= John Choma (professor) =

American electrical engineer

John Choma was Professor and Chair of Electrical Engineering-Electrophysics at the University of Southern California.

Choma held B.S., M.S., and Ph.D. degrees in electrical engineering from the University of Pittsburgh. His graduate theses were:
- "Design of a Transistor Phasemeter," M.S. Thesis, University of Pittsburgh, 1965.
- "Stability Analysis of Class C Transistor Amplifiers," Ph. D. Dissertation, University of Pittsburgh, 1969.

Choma joined the USC faculty in 1980. He taught undergraduate and graduate courses in electrical circuit theory, filters, and analog integrated electronics, and advised industry in subjects relating to broadband analog and high-speed digital integrated circuit analysis, design, and modeling.

He died on August 10, 2014.

==Publications==

Choma was the author or co-author of some several hundred journal and conference papers and the presenter of dozens of invited short courses, seminars, and tutorials. He authored or co-authored several books in the field of analog circuits and network theory, including:
- The Wiley Interscience text on electrical network theory, "Electrical Networks: Theory and Analysis"
- Co-author with Professor Wai-Kai Chen of the text "Feedback Networks: Theory and Circuit Applications"
- Co-author with Dr. Greg Rollins of the chapter 8, "Radiation Effects on Semiconductors", of "Space Communications and Nuclear Scintillation"
- An area editor of the IEEE/CRC Press Handbook of Circuits and Filters.

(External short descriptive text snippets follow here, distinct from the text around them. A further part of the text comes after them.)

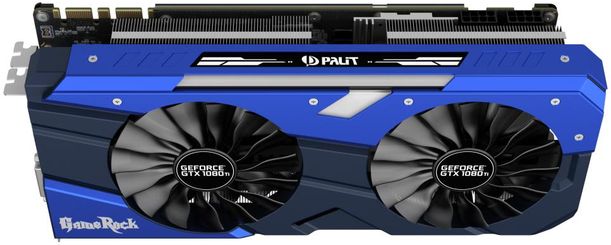 Palit GTX 1080 Ti GameRock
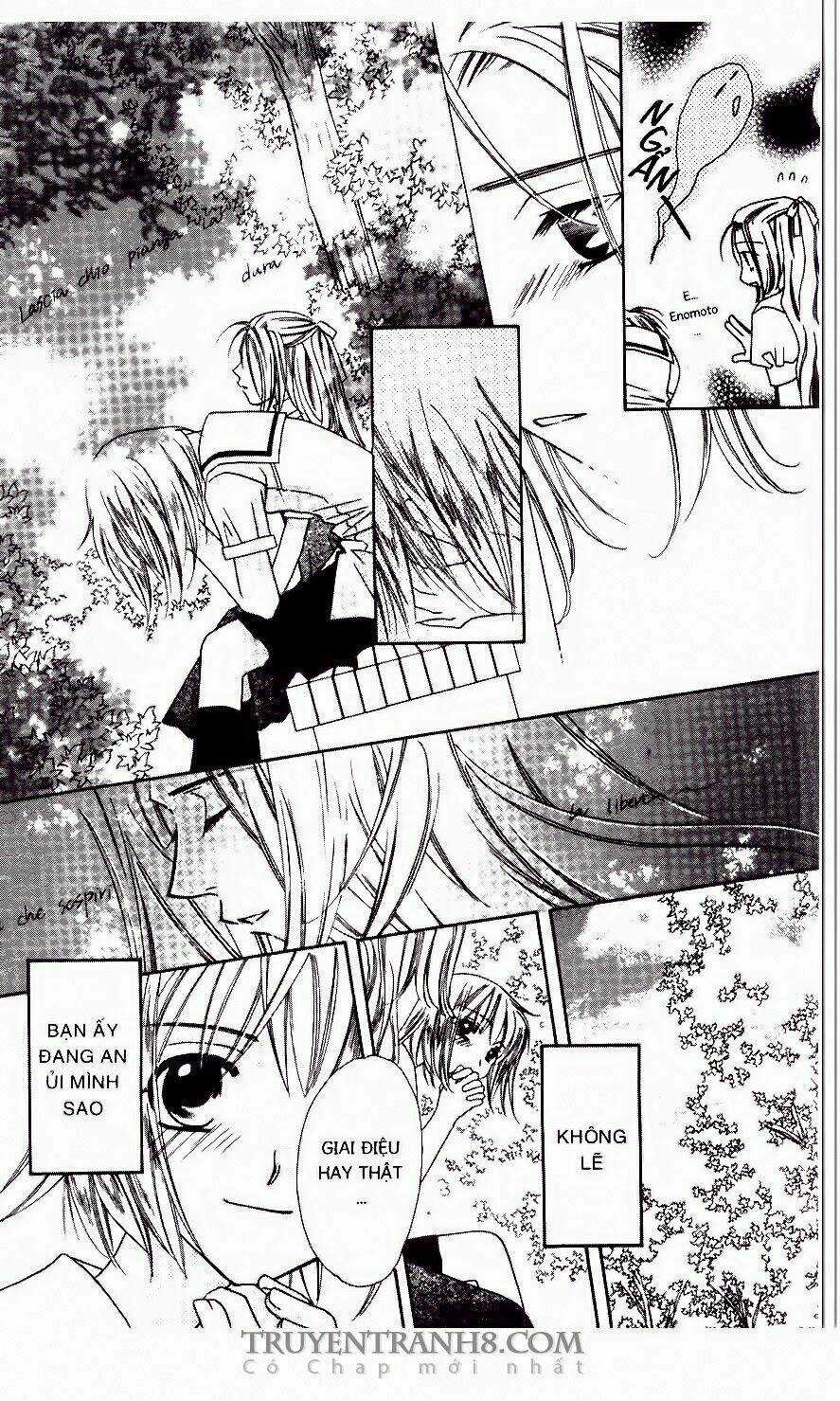 Vườn Địa Đàng - Chapter 38 - Trang 17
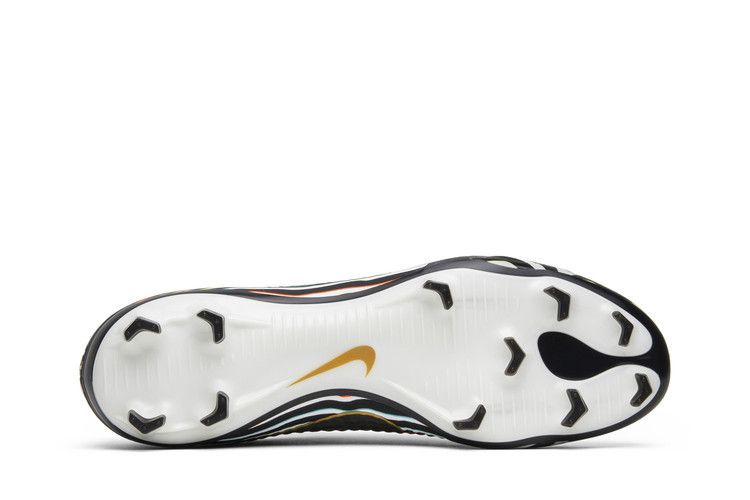 Кроссовки Nike Mercurial Vapor 11 SE FG 'Black History Month'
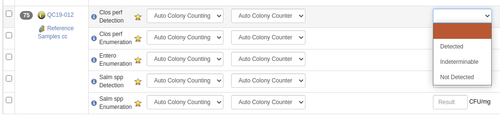 QC Control on Worksheet in Bika Open Source LIMS, and Senaite 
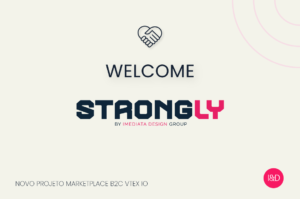 O novo Marketplace de suplementos do Grupo Imediata – Welcome STRONGLY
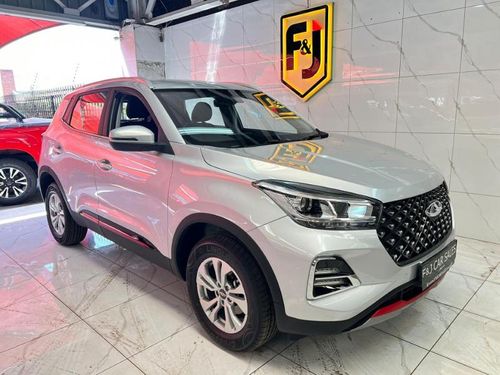 2024 Chery Tiggo 4 Pro 1.5 Lit Auto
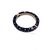 CHANEL Bracciale in Plastica Col. Nero CC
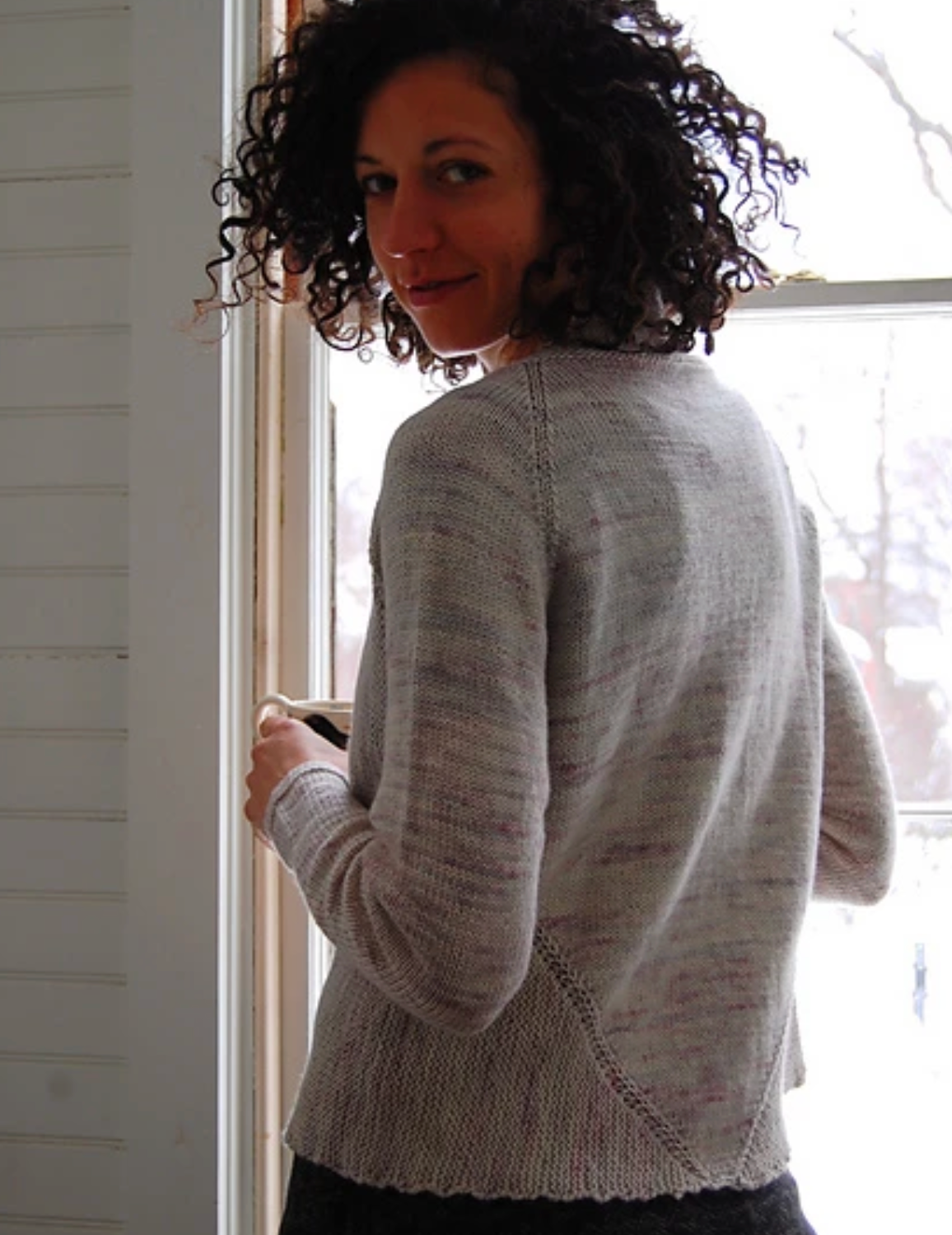 Newsom Cardigan Pattern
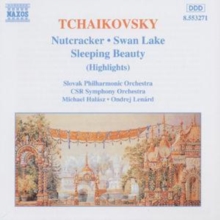 Nutcracker - Swan Lake - Sleeping Beauty (Highlights), CD / Album Cd Nutcracker - Swan Lake - Sleeping Beauty (Highlights), CD / Album Cd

==Professional Society Activities==

Professor Choma has served professional societies in the capacities of:

- The IEEE Circuits and Systems Society as a member of its Board of Governors, its Vice President for Administration, and its President
- An Associate Editor and Editor–In–Chief of the IEEE Transactions on Circuits and Systems, Part II.
- Associate Editor of the Journal of Analog Integrated Circuits and Signal Processing
- A former Regional Editor of the Journal of Circuits, Systems, and Computers.

His IEEE awards and honors include:

- Fellow, IEEE, awarded 1 January 1991 by the IEEE Circuits and Systems Society; citation reads: "For contributions to circuit analyses and the modeling of wideband analog circuits and systems"
- IEEE Prize Paper Award, awarded on 25 May 1994 by the IEEE Microwave Theory and Techniques Society for the paper (co-authored by P. C. Grossman): "Large Signal Modeling of HBT's, Including Self-Heating And Transit Time Effects,"
- IEEE Circuits and Systems Society Education Award, 1999, presented at the 1999 IEEE International Symposium On Circuits and Systems, Orlando, 1 June 1999.
- Golden Jubilee Medal, awarded 6 December 1999 by the IEEE Circuits and Systems Society; citation reads: "In recognition of outstanding contributions to the society"
- IEEE Millennium Medal, awarded 24 January 2000 by the IEEE; citation reads: "In recognition and appreciation of valued services and contributions"
- IEEE Circuits and Systems Society Meritorious Service Award, 2000, presented at the 2000 IEEE International Symposium On Circuits and Systems, Geneva, Switzerland, 30 May 2000; citation reads: "For leadership services as administrative Vice–President, President, and CAS Transactions Editor, and for contributions to CAS educational programs, including technical short courses and specialized workshops in state-of-the-art and emerging technologies."
- Editor, IEEE Transactions on Circuits and Systems, July 1995 to July 1997.